(WHAT NEEDS TO BE DONE) Set down all the lines below, each one exactly as shown.

(Web page caption snippets)
┌──

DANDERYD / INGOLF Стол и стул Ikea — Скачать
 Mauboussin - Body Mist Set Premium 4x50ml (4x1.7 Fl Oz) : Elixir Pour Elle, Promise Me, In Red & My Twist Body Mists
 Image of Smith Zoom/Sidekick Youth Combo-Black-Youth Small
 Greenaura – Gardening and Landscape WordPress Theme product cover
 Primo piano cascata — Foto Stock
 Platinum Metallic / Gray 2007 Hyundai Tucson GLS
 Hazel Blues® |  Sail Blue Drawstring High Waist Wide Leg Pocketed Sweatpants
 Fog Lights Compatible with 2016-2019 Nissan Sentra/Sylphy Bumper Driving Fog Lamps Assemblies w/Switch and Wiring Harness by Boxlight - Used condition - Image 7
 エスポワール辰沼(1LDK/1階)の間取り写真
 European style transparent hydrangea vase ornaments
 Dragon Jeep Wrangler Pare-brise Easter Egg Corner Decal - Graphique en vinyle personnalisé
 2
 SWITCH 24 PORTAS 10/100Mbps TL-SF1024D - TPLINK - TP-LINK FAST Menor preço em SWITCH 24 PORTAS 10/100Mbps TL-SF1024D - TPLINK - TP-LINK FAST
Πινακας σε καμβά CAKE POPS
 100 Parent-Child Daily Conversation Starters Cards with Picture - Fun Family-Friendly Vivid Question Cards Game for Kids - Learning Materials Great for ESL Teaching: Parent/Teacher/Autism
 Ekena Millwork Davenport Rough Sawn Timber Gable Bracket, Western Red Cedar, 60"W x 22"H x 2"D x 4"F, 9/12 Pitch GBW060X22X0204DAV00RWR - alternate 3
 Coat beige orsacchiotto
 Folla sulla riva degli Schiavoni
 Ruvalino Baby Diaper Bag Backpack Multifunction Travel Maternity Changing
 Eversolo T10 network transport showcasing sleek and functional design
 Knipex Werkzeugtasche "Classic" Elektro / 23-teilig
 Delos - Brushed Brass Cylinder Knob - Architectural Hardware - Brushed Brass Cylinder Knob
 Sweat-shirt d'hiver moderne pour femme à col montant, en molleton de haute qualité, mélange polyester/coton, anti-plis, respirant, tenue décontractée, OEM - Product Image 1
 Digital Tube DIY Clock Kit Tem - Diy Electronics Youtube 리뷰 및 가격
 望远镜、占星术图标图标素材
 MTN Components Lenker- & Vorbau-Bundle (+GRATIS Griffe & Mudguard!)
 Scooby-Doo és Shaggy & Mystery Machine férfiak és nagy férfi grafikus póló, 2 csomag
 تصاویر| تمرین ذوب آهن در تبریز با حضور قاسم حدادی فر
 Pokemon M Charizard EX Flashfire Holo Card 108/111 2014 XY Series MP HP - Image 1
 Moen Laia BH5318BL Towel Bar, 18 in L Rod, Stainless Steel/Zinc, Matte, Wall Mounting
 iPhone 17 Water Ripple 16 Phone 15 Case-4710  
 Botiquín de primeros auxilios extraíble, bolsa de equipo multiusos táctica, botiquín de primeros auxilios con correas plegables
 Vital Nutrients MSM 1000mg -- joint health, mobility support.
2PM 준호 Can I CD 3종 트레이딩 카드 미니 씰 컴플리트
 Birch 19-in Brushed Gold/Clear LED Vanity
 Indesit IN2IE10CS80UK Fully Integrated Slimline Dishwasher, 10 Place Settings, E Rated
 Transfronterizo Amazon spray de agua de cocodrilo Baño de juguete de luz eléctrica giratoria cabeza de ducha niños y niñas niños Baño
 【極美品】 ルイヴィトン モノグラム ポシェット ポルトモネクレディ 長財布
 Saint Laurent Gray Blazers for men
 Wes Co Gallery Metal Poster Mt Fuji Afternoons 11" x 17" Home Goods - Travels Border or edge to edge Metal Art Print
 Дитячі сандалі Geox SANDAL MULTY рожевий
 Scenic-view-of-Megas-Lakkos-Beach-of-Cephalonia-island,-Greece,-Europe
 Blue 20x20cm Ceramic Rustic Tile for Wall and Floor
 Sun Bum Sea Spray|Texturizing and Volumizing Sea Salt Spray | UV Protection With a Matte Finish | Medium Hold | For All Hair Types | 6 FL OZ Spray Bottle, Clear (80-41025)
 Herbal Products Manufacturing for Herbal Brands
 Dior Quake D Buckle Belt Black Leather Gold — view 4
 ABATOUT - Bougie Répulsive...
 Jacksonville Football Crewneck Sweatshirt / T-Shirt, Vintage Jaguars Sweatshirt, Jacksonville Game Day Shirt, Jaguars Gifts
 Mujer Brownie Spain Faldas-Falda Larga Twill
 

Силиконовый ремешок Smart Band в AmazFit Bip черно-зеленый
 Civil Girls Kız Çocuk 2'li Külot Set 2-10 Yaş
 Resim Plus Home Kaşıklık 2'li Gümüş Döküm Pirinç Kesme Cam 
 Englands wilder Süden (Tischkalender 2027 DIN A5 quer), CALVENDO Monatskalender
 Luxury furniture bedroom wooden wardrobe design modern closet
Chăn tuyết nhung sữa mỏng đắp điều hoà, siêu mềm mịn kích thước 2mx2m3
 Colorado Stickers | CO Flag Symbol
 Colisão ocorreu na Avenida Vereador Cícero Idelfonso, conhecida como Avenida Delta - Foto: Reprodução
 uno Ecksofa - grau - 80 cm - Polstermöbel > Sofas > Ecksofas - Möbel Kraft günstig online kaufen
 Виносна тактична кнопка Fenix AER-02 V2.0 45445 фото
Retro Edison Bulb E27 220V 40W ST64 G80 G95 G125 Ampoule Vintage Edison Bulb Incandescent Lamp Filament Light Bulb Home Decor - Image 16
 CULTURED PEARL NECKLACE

└──

(TASK OUTPUT)
DANDERYD / INGOLF Стол и стул Ikea — Скачать
 Mauboussin - Body Mist Set Premium 4x50ml (4x1.7 Fl Oz) : Elixir Pour Elle, Promise Me, In Red & My Twist Body Mists
 Image of Smith Zoom/Sidekick Youth Combo-Black-Youth Small
 Greenaura – Gardening and Landscape WordPress Theme product cover
 Primo piano cascata — Foto Stock
 Platinum Metallic / Gray 2007 Hyundai Tucson GLS
 Hazel Blues® |  Sail Blue Drawstring High Waist Wide Leg Pocketed Sweatpants
 Fog Lights Compatible with 2016-2019 Nissan Sentra/Sylphy Bumper Driving Fog Lamps Assemblies w/Switch and Wiring Harness by Boxlight - Used condition - Image 7
 エスポワール辰沼(1LDK/1階)の間取り写真
 European style transparent hydrangea vase ornaments
 Dragon Jeep Wrangler Pare-brise Easter Egg Corner Decal - Graphique en vinyle personnalisé
 2
 SWITCH 24 PORTAS 10/100Mbps TL-SF1024D - TPLINK - TP-LINK FAST Menor preço em SWITCH 24 PORTAS 10/100Mbps TL-SF1024D - TPLINK - TP-LINK FAST
Πινακας σε καμβά CAKE POPS
 100 Parent-Child Daily Conversation Starters Cards with Picture - Fun Family-Friendly Vivid Question Cards Game for Kids - Learning Materials Great for ESL Teaching: Parent/Teacher/Autism
 Ekena Millwork Davenport Rough Sawn Timber Gable Bracket, Western Red Cedar, 60"W x 22"H x 2"D x 4"F, 9/12 Pitch GBW060X22X0204DAV00RWR - alternate 3
 Coat beige orsacchiotto
 Folla sulla riva degli Schiavoni
 Ruvalino Baby Diaper Bag Backpack Multifunction Travel Maternity Changing
 Eversolo T10 network transport showcasing sleek and functional design
 Knipex Werkzeugtasche "Classic" Elektro / 23-teilig
 Delos - Brushed Brass Cylinder Knob - Architectural Hardware - Brushed Brass Cylinder Knob
 Sweat-shirt d'hiver moderne pour femme à col montant, en molleton de haute qualité, mélange polyester/coton, anti-plis, respirant, tenue décontractée, OEM - Product Image 1
 Digital Tube DIY Clock Kit Tem - Diy Electronics Youtube 리뷰 및 가격
 望远镜、占星术图标图标素材
 MTN Components Lenker- & Vorbau-Bundle (+GRATIS Griffe & Mudguard!)
 Scooby-Doo és Shaggy & Mystery Machine férfiak és nagy férfi grafikus póló, 2 csomag
 تصاویر| تمرین ذوب آهن در تبریز با حضور قاسم حدادی فر
 Pokemon M Charizard EX Flashfire Holo Card 108/111 2014 XY Series MP HP - Image 1
 Moen Laia BH5318BL Towel Bar, 18 in L Rod, Stainless Steel/Zinc, Matte, Wall Mounting
 iPhone 17 Water Ripple 16 Phone 15 Case-4710  
 Botiquín de primeros auxilios extraíble, bolsa de equipo multiusos táctica, botiquín de primeros auxilios con correas plegables
 Vital Nutrients MSM 1000mg -- joint health, mobility support.
2PM 준호 Can I CD 3종 트레이딩 카드 미니 씰 컴플리트
 Birch 19-in Brushed Gold/Clear LED Vanity
 Indesit IN2IE10CS80UK Fully Integrated Slimline Dishwasher, 10 Place Settings, E Rated
 Transfronterizo Amazon spray de agua de cocodrilo Baño de juguete de luz eléctrica giratoria cabeza de ducha niños y niñas niños Baño
 【極美品】 ルイヴィトン モノグラム ポシェット ポルトモネクレディ 長財布
 Saint Laurent Gray Blazers for men
 Wes Co Gallery Metal Poster Mt Fuji Afternoons 11" x 17" Home Goods - Travels Border or edge to edge Metal Art Print
 Дитячі сандалі Geox SANDAL MULTY рожевий
 Scenic-view-of-Megas-Lakkos-Beach-of-Cephalonia-island,-Greece,-Europe
 Blue 20x20cm Ceramic Rustic Tile for Wall and Floor
 Sun Bum Sea Spray|Texturizing and Volumizing Sea Salt Spray | UV Protection With a Matte Finish | Medium Hold | For All Hair Types | 6 FL OZ Spray Bottle, Clear (80-41025)
 Herbal Products Manufacturing for Herbal Brands
 Dior Quake D Buckle Belt Black Leather Gold — view 4
 ABATOUT - Bougie Répulsive...
 Jacksonville Football Crewneck Sweatshirt / T-Shirt, Vintage Jaguars Sweatshirt, Jacksonville Game Day Shirt, Jaguars Gifts
 Mujer Brownie Spain Faldas-Falda Larga Twill
 

Силиконовый ремешок Smart Band в AmazFit Bip черно-зеленый
 Civil Girls Kız Çocuk 2'li Külot Set 2-10 Yaş
 Resim Plus Home Kaşıklık 2'li Gümüş Döküm Pirinç Kesme Cam 
 Englands wilder Süden (Tischkalender 2027 DIN A5 quer), CALVENDO Monatskalender
 Luxury furniture bedroom wooden wardrobe design modern closet
Chăn tuyết nhung sữa mỏng đắp điều hoà, siêu mềm mịn kích thước 2mx2m3
 Colorado Stickers | CO Flag Symbol
 Colisão ocorreu na Avenida Vereador Cícero Idelfonso, conhecida como Avenida Delta - Foto: Reprodução
 uno Ecksofa - grau - 80 cm - Polstermöbel > Sofas > Ecksofas - Möbel Kraft günstig online kaufen
 Виносна тактична кнопка Fenix AER-02 V2.0 45445 фото
Retro Edison Bulb E27 220V 40W ST64 G80 G95 G125 Ampoule Vintage Edison Bulb Incandescent Lamp Filament Light Bulb Home Decor - Image 16
 CULTURED PEARL NECKLACE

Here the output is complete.